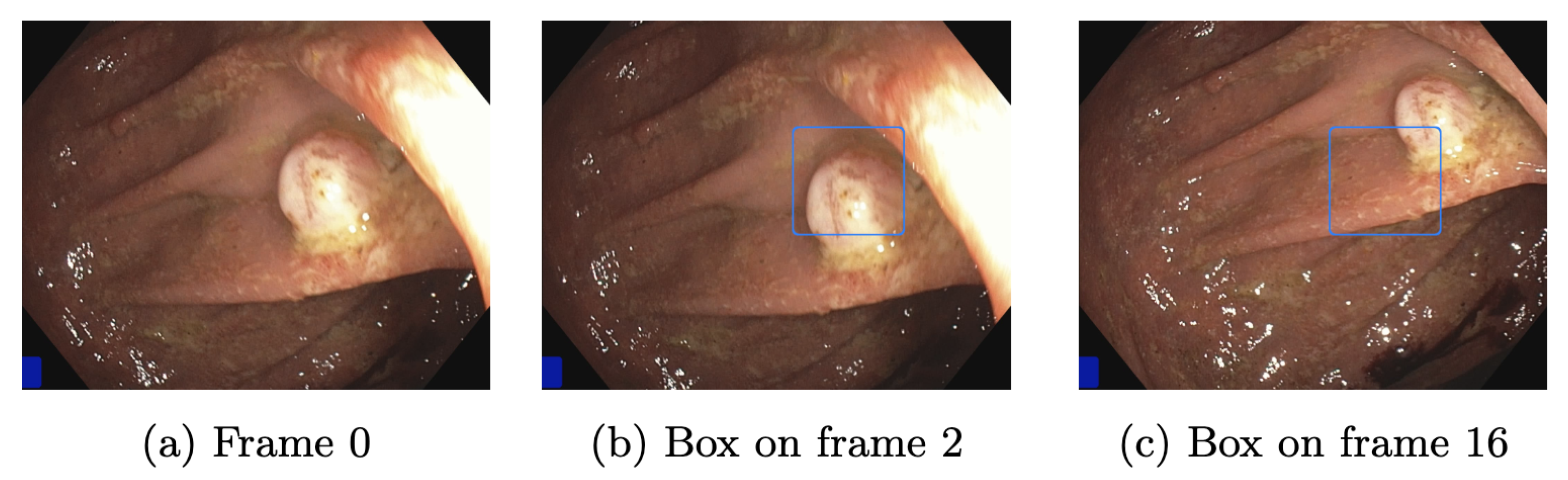 Jimaging 09 00026 g012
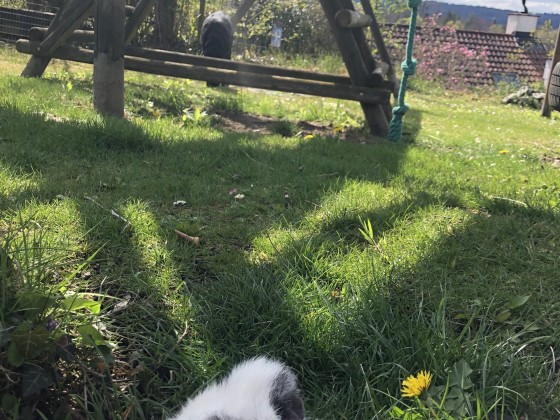 Schönes Wetter geniessen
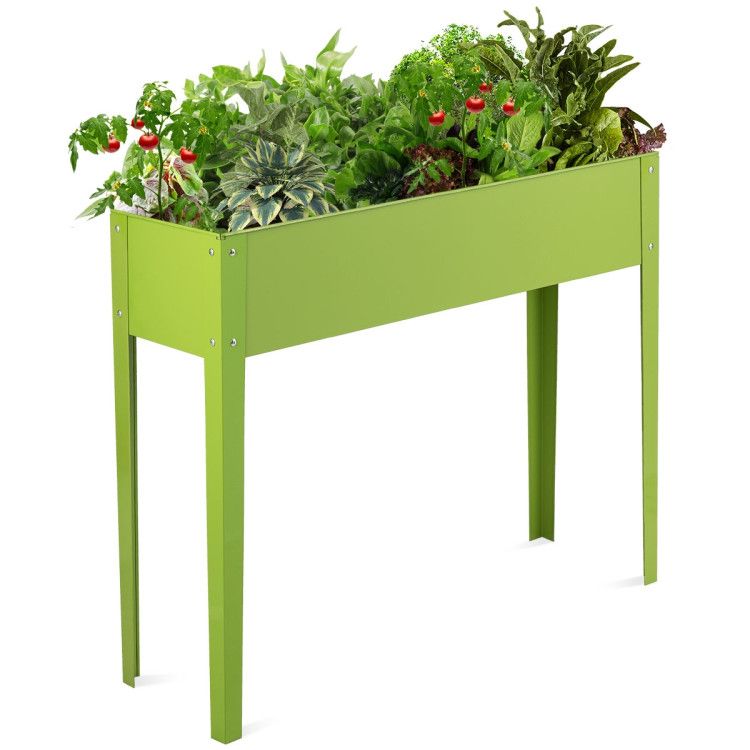 Colore verde frutta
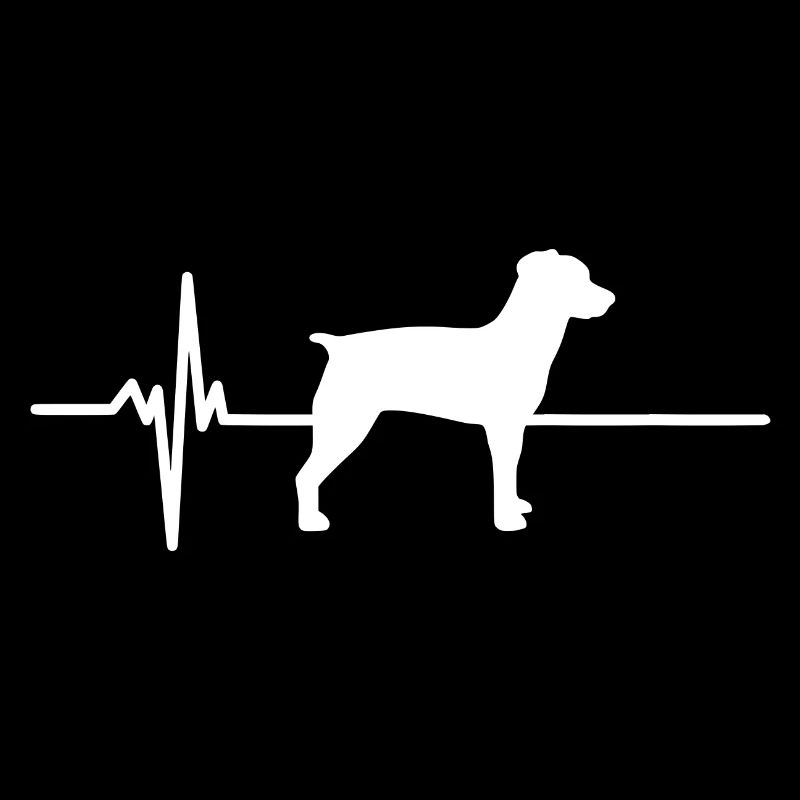 Herzschlag Kleiner Münster Spaniel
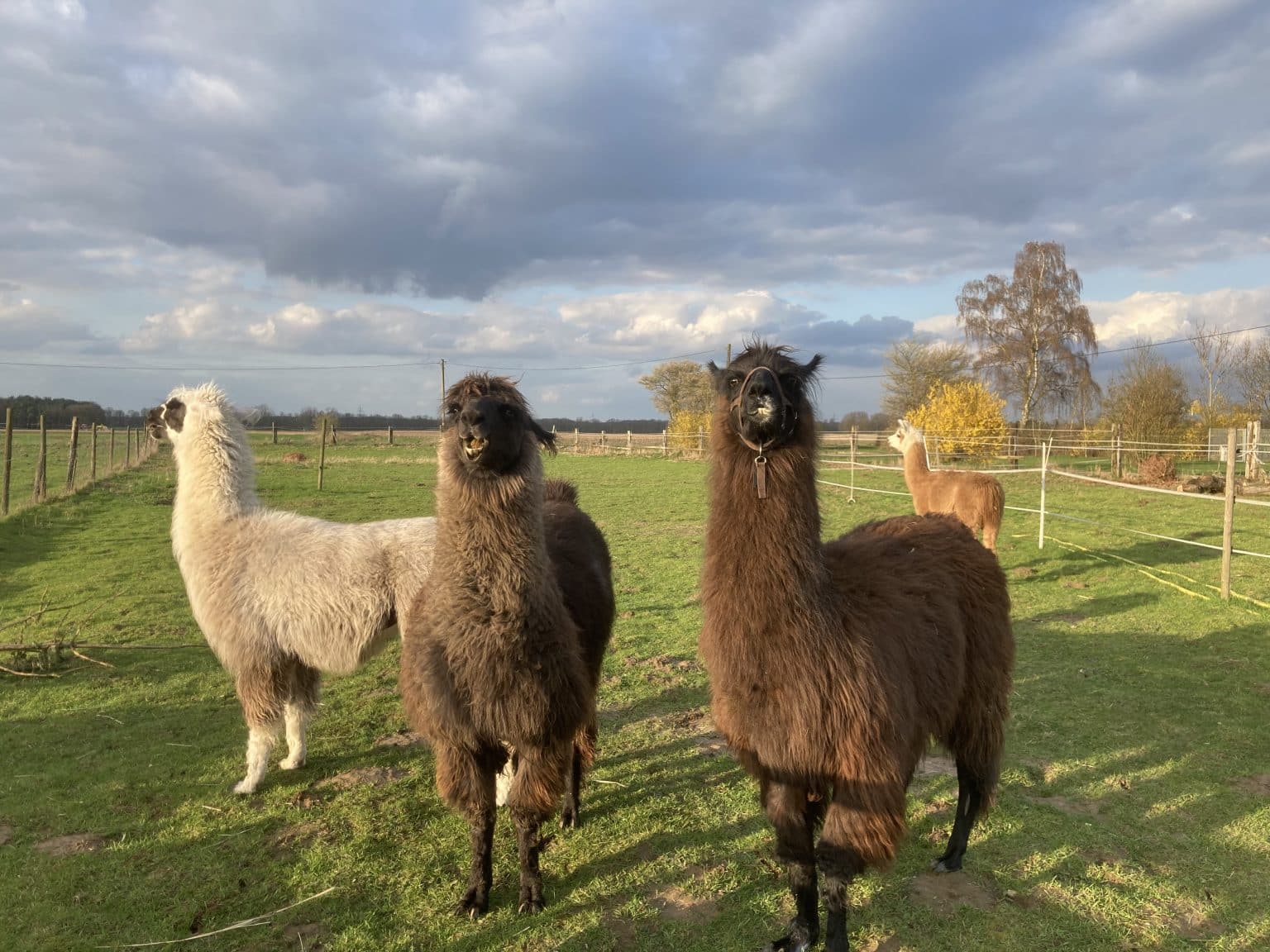 JoerißenKultur: Einladung zum Lama-Spaziergang am 30.8.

-*-

THE TASK:
Return all the lines above exactly; none of the pictures should appear.

EXERCISE SOLUTION:
 Jimaging 09 00026 g012
 Schönes Wetter geniessen
 Colore verde frutta
 Herzschlag Kleiner Münster Spaniel
 JoerißenKultur: Einladung zum Lama-Spaziergang am 30.8.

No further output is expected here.